As the days become shorter and the nights become longer… OurLocaltopia is excited by the new season and all of the great ways we can celebrate it. We’re absolutely crazy for fall. We love how fall brings a change in the air, the light, what’s in our gardens, and what’s on our stoves and in our ovens. Seasonality is a complete inspiration for us, therefore we have decided to issue several posts over the coming weeks devoted to Fall Baking and Cooking. Please join us as we explore fun and inventive ways to cook and bake with seasonal ingredients and with spices that remind us of this special time of year, as we focus on what inspires us to bake for friends and family.
Fall Baking: Nutella Cinnamon Buns
For our first fall baking post, we wanted to jump in with a recipe that is easy and a real crowd-pleaser: Nutella Cinnamon Buns, a recipe adapted from This Is A Cookbook by Max and Eli Sussman. What we love about this recipe is that it’s as tasty as it is easy. Nutella seems to be on most folk’s “favorite” list, and what’s great here too is that these buns are as good for breakfast as they are for dessert. Because these buns are yeasted (and we love a nice big generously-sized bun!) we chose to use an extra-deep baking pan (3”) to ensure that the buns did not overflow during the baking process. We hope you have as much fun with this recipe as we did! Enjoy!
Nutella Cinnamon Buns
Makes 12 Servings
1 package (2 ¼ tsp.) active dry yeast
1 tsp. granulated sugar, plus ¼ cup
½ cup whole milk
4 tbs. unsalted butter, room temperature
1 tsp. kosher salt
2 large eggs, beaten
1 tsp. vanilla extract
4 cups all-purpose flour, plus more for dusting
5 tbs. unsalted butter, plus more for baking dish
¾ cup packed dark brown sugar
¾ cup roughly chopped pecans
1 ½ cups Nutella (chocolate-hazelnut spread)
1 large egg, beaten
To make the dough, pour ½ cup warm water (about 110 degrees, no hotter!) into a small bowl. Add the yeast and the 1 tsp. granulated sugar and stir to dissolve. Let stand until foamy, 5-10 minutes. Meanwhile, in a small saucepan, heat the milk just until it begins to bubble. Remove from the heat and stir in the ¼ cup granulated sugar, the 4 tbs. butter, and the salt. Set aside until cool.

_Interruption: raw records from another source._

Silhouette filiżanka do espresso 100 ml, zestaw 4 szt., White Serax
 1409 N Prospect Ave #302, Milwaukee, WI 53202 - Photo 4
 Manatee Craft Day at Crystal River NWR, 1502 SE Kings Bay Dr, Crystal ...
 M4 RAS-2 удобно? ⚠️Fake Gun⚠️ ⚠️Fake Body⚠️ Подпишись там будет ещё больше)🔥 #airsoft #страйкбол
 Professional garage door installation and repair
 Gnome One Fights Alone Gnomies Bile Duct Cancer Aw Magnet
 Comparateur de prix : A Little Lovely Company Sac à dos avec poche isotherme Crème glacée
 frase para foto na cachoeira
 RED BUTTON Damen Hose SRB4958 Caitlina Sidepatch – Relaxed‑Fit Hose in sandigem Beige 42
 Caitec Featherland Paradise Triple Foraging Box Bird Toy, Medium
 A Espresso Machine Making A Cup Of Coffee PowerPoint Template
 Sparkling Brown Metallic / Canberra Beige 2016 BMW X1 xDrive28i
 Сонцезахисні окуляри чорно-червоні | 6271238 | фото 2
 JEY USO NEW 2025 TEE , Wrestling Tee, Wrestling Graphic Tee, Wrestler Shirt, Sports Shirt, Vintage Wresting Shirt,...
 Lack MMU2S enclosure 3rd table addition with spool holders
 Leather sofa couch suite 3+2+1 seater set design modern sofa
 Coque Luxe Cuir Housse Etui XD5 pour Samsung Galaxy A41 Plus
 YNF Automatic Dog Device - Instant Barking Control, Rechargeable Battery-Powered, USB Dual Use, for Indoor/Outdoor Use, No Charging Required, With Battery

In a large bowl, stir together the yeast mixture, the milk mixture, the eggs, the vanilla, and half of the flour. Stir in the remaining flour, a little at a time. Turn the dough out onto a well-floured work surface and kneed, dusting with more flour as needed, until smooth ad not sticky, about 5 minutes. Alternately use a stand mixture with dough hook to incorporate and kneed ingredients until smooth and not sticky. Place in an oiled bowl and turn to coat. Cover and let rise in a warm place until doubled in volume, about 1 hour.
Preheat the oven to 375 degrees. Melt the 5 tbs. butter in a small saucepan over medium heat. Whisk in the brown sugar until smooth. Pour the brown sugar mixture into a greased pan (9 x 13 works, or two 8 inch rounds). Scatter pecans on top.
On a well-floured work surface, roll the dough out into a rectangle about 15 by 20 inches. Spread the Nutella over the dough in a thin layer, leaving a ½ -inch border uncovered on one long side. Brush the border with the beaten egg. Starting with the covered long side, roll the dough gently into a cylinder, pressing to seal the seam with the egg. Sprinkle all over with cinnamon. Cut crosswise into 12 rounds and place in the baking dish on top of the pecans. Bake until golden brown, 20 – 25 minutes. Let cool slightly, then invert onto a large platter. Spread any of the brown-sugar mixture left in the dish onto the rolls and serve.